Set down the full listing exactly as given. Any pictures are to be left out.

- Opening Delimiter -

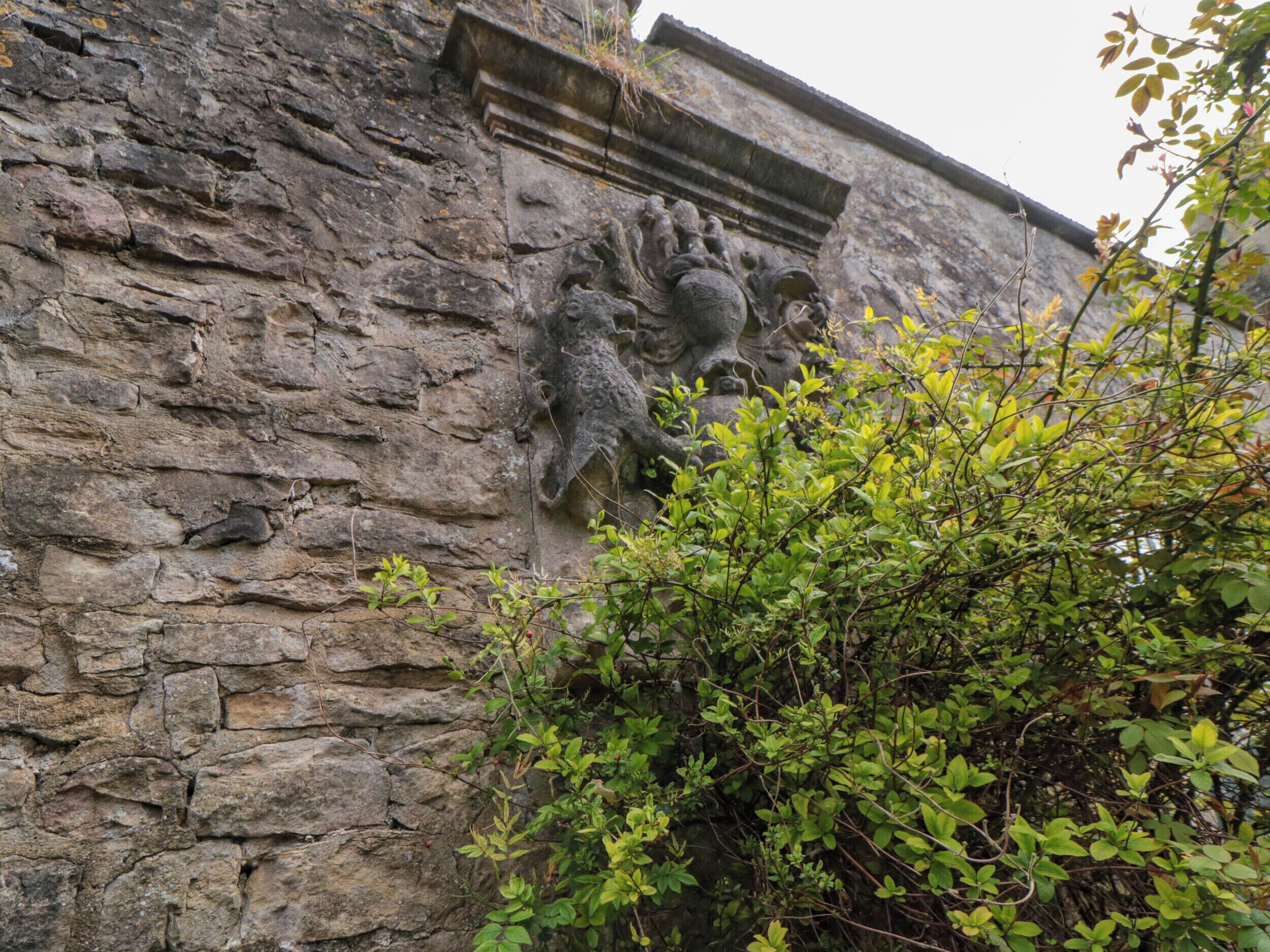 Eine Steinsäule mit einem in Stein gemeißelten Löwenkopf und Vegetation im Vordergrund.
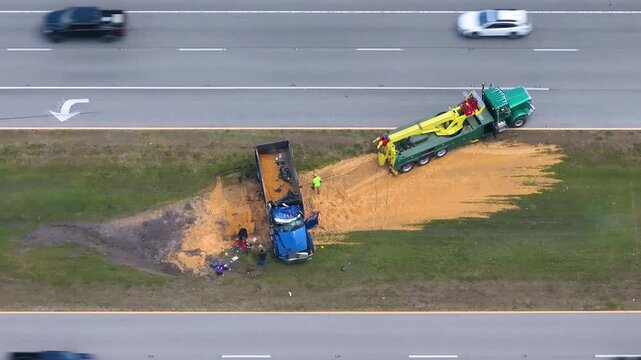 Wreckage of overturned transport truck surrounded by spilled agricultural load. Aerial scene of highway disruption.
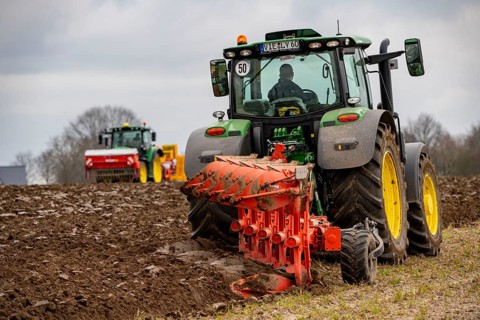 Tractor with a plough preparing the soil of a field for planting, Agriculture, Spring
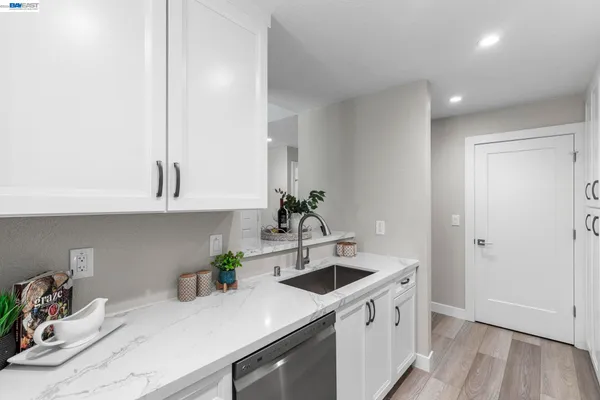 a kitchen with stainless steel appliances white cabinets a sink and wooden floor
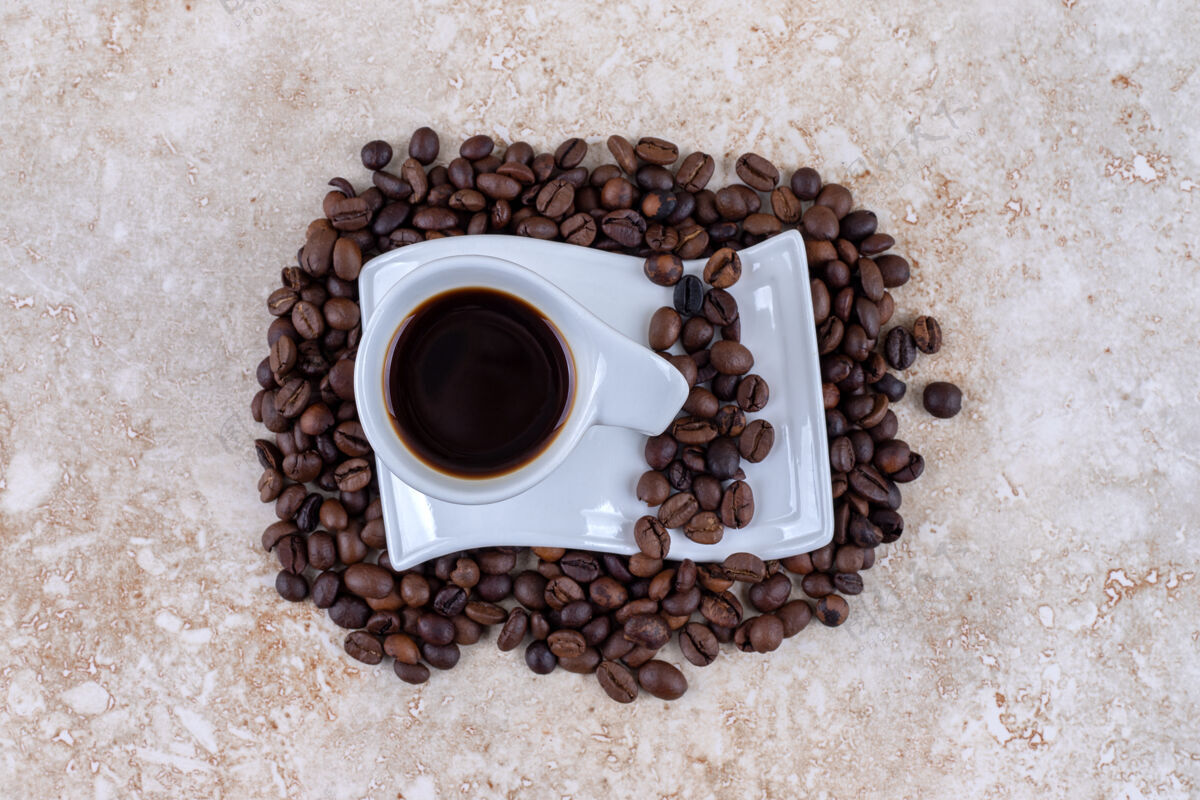 咖啡豆坐在一堆咖啡豆上的茶碟上的一杯咖啡美味芳香香味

- Closing Delimiter -

FINISHED EXERCISE ->
 Eine Steinsäule mit einem in Stein gemeißelten Löwenkopf und Vegetation im Vordergrund.
 Wreckage of overturned transport truck surrounded by spilled agricultural load. Aerial scene of highway disruption.
 Tractor with a plough preparing the soil of a field for planting, Agriculture, Spring
 a kitchen with stainless steel appliances white cabinets a sink and wooden floor
 咖啡豆坐在一堆咖啡豆上的茶碟上的一杯咖啡美味芳香香味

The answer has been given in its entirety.